This morning “friend of the blog” Jack Roberts has an op-ed in the Oregonian questioning Attorney General Kroger’s use of hardball prosecutorial tactics. While the first of Jack’s examples have been widely condemned, I found his last one a bit jarring: Kroger’s prosecution of Lea Fastow in working to convict her husband Andy Fastow, the mastermind of ENRON’s criminal enterprise.
Interrogating 9-year olds and threatening Energy Department staffers in the manner Jack describes is indeed disturbing. I’m not sure, though, that I share a similar sense of outrage at the strategy of the Fastow prosecutions and what they represent. Jack cites a quote (from Kroger’s book) where a colleague says, “Let's see how Fastow feels about going to trial when his children are in ... foster care," a gloating that leaves even Kroger feeling squeamish. But in the general scheme of things it’s hard to imagine a class of criminals whose prosecution and punishment over the last decade have been as lax as the super-wealthy financial crooks of whom Fastow is a very rare exception; while he went to jail, most haven’t even faced charges, despite the almost unimaginable scale of loss and devastation they’ve left in their wake.

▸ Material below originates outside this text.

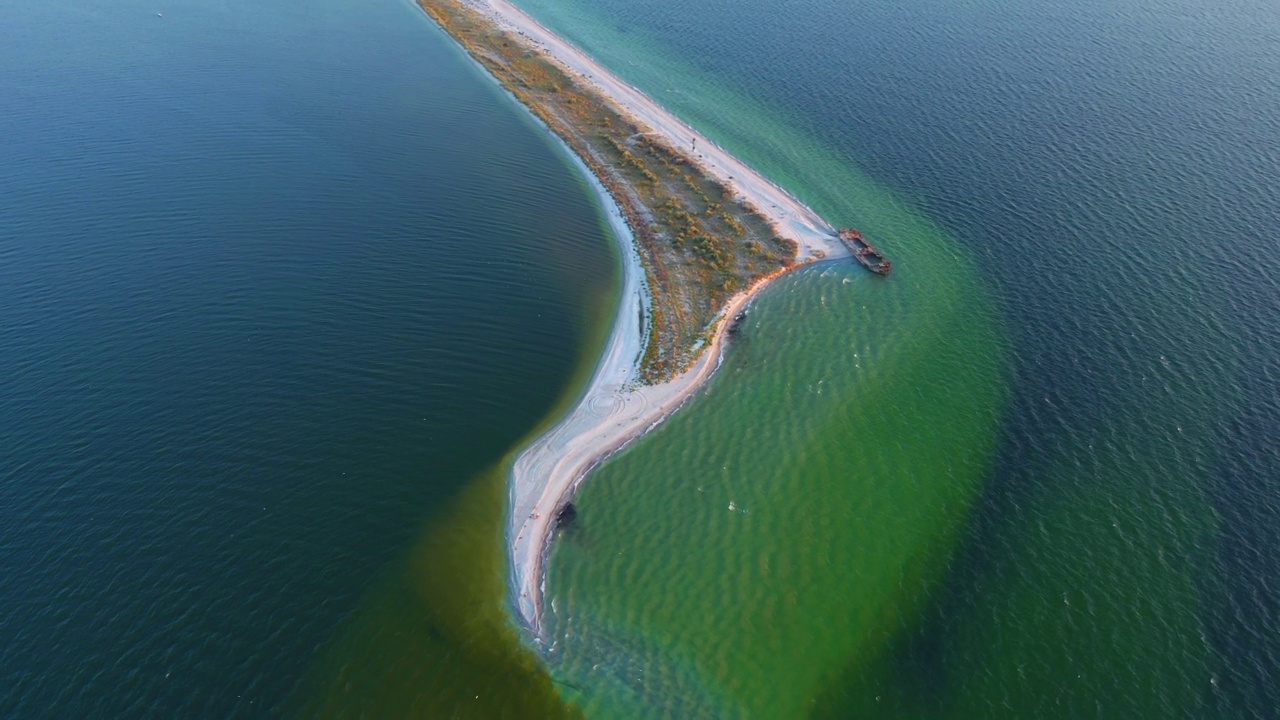 狭长地带在大海和河口之间的狭长地带视频素材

You want suffering kids? Try watching Sunday’s 60 Minutes episode on the burgeoning ranks of children left homeless thanks to the wave of foreclosures that are the direct consequence of Wall Street’s reign of plunder. While the leading perpetrators continue to collect multi-million dollar bonuses, their financial fraud schemes have resulted in millions of families losing jobs, homes, life savings, etc. Don’t their kids count?

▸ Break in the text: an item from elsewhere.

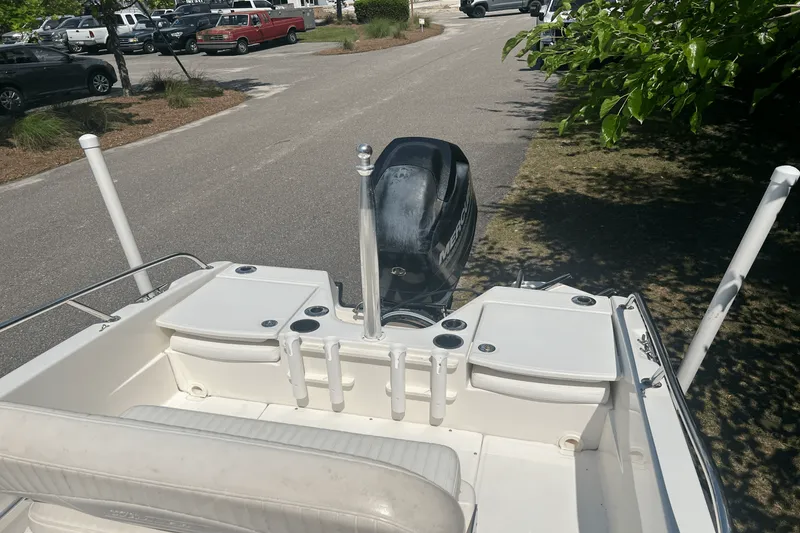 Slide: The Image of Boston Whaler 170 DAUNTLESS 2014 - 11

In respect to financial crimes state prosecutors have had to stand in for no-show Federal prosecutors and regulators – and if anything they’ve been too lenient. While AGs like Kroger took the lead in investigating the foreclosure fraud scandal, for example, recent release of draft settlement documents seems to indicate that the perpetrators may escape criminal prosecution entirely, and be forced to pay only minimal financial penalties.
Bottom line: Uphold strong ethical standards in prosecutorial behavior? Most definitely. But don’t for a second back away from aggressive prosecution of white-collar crime -- and that’s a game of hardball, not softball, that should be completely in line with Oregon values.
Update: The Oregonian has published this response to Roberts' op-ed from AG Kroger online.